I am trying to show the following:
Given that $|b-c| \leq a \leq b+c$ show that: $$\frac{a}{1+a} \leq \frac{b}{1+b} + \frac{c}{1+c}$$
So far I have done the following:
$a/(1+a) \leq b/(1+b) + c/(1+c) \iff$
$1-1/(1+a) \leq 2 - 1/(1+b) -1/(1+c) \iff$
$1/(1+b) -1/(1+c) \leq 1 + 1/(1+a) \iff$
$ (2+b+c)/(1+b)(1+c) \leq (2+a)/(1+a) \iff$
$ (2+b+c)(1+a) \leq (2+a)(1+b)(1+c) \iff$
$ a \leq bc(2+a)$
I am not really sure how to proceed from here- any help or hints would be much appreciated.
I will assume that $a,b,c > 0$ because without such an assumption we cannot even have $1+b$ and $1+c$ in the denominator.
$f(x)=\frac x {1+x}$ is an increasing function of $x$ on $[0,\infty)$. Hence $\frac a {1+a} \leq \frac {b+c} {1+b+c} =\frac b {1+b+c}+\frac c {1+b+c} \leq \frac b {1+b} +\frac c {1+c} $.
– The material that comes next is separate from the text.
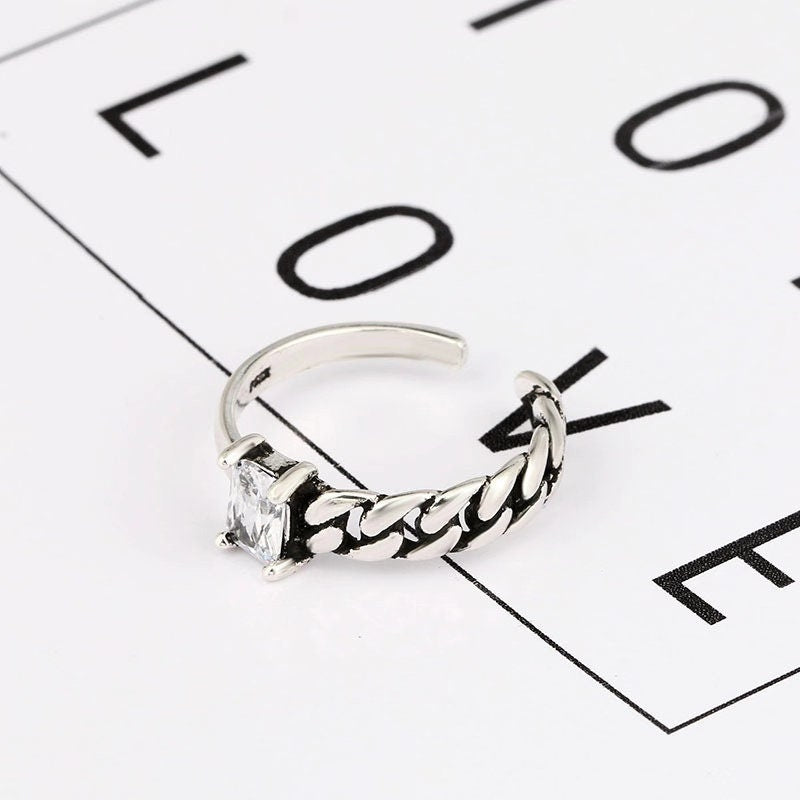 s925 Cool Vintage Asymmetrical White and Black Cubic Zircon Adjustable Silver Ring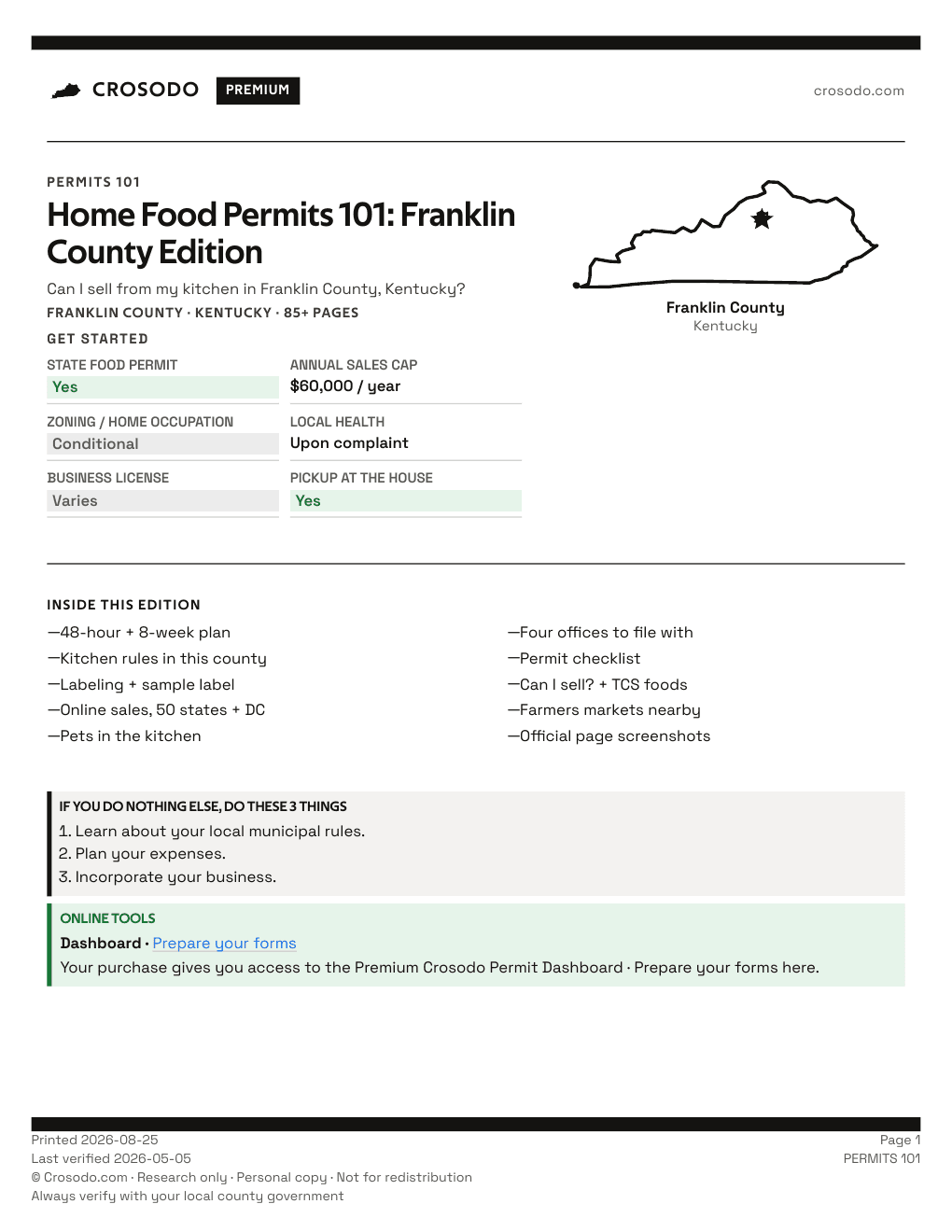 Permit Guide 101 cover for Franklin County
I suppose $b,c\ge0$. $$ \frac{b}{1 + b} + \frac{c}{1 + c} \ge \frac{a}{1 + a} $$ $$ \Rightarrow \frac{b + c + 2bc}{1 + b + c +bc} \ge \frac{a}{1 + a} $$ $$ \Rightarrow b + c + 2bc + ab +ca + 2abc\ge a + ab + ca + abc $$ $$ \Rightarrow b + c + 2bc + abc \ge a $$ Add $$ b + c \ge a \quad \textrm{and} \quad bc(a +2)\ge0 $$ And we are done.